Copy out each line below in which the string "Brown" appears.

# # # # # # #

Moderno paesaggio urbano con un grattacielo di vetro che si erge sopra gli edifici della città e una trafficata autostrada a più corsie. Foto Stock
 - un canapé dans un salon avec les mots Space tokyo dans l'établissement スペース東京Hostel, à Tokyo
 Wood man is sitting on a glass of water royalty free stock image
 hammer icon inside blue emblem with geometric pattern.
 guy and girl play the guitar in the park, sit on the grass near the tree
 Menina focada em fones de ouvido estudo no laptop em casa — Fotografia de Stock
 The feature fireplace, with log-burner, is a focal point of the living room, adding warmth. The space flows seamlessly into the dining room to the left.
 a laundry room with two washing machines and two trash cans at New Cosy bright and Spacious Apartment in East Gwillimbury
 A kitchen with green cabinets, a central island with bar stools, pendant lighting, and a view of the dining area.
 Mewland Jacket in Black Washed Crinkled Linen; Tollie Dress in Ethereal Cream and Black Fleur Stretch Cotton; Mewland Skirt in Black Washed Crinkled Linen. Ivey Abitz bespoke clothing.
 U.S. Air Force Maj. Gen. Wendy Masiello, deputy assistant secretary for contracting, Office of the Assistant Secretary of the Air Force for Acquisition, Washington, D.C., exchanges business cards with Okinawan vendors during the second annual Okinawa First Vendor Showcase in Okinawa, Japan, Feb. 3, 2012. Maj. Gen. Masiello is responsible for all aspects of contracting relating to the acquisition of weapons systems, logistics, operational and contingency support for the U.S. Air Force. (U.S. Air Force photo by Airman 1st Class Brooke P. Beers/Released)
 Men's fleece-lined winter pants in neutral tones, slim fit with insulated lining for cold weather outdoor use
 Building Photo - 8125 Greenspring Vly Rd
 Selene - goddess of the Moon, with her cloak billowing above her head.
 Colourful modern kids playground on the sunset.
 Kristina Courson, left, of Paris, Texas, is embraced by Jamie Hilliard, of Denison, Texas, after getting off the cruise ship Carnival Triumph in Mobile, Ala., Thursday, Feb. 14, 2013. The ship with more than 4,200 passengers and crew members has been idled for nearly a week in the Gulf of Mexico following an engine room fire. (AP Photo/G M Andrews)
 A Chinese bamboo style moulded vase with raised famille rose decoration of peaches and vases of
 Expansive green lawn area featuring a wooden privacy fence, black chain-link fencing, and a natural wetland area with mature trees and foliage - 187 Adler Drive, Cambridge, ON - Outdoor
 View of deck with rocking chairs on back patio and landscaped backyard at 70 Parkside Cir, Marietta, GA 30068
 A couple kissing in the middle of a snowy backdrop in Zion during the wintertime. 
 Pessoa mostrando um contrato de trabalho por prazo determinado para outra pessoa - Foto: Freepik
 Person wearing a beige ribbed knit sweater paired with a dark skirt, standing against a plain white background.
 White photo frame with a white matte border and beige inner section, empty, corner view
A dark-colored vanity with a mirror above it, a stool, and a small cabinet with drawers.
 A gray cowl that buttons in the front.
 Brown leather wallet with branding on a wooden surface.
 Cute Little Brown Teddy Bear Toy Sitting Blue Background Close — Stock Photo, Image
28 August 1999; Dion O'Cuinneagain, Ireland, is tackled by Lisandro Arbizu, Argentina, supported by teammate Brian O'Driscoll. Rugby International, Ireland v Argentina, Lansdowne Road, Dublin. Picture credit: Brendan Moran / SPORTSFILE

# # # # # # #

▶ RESULT OF THE TASK:
 Brown leather wallet with branding on a wooden surface.
 Cute Little Brown Teddy Bear Toy Sitting Blue Background Close — Stock Photo, Image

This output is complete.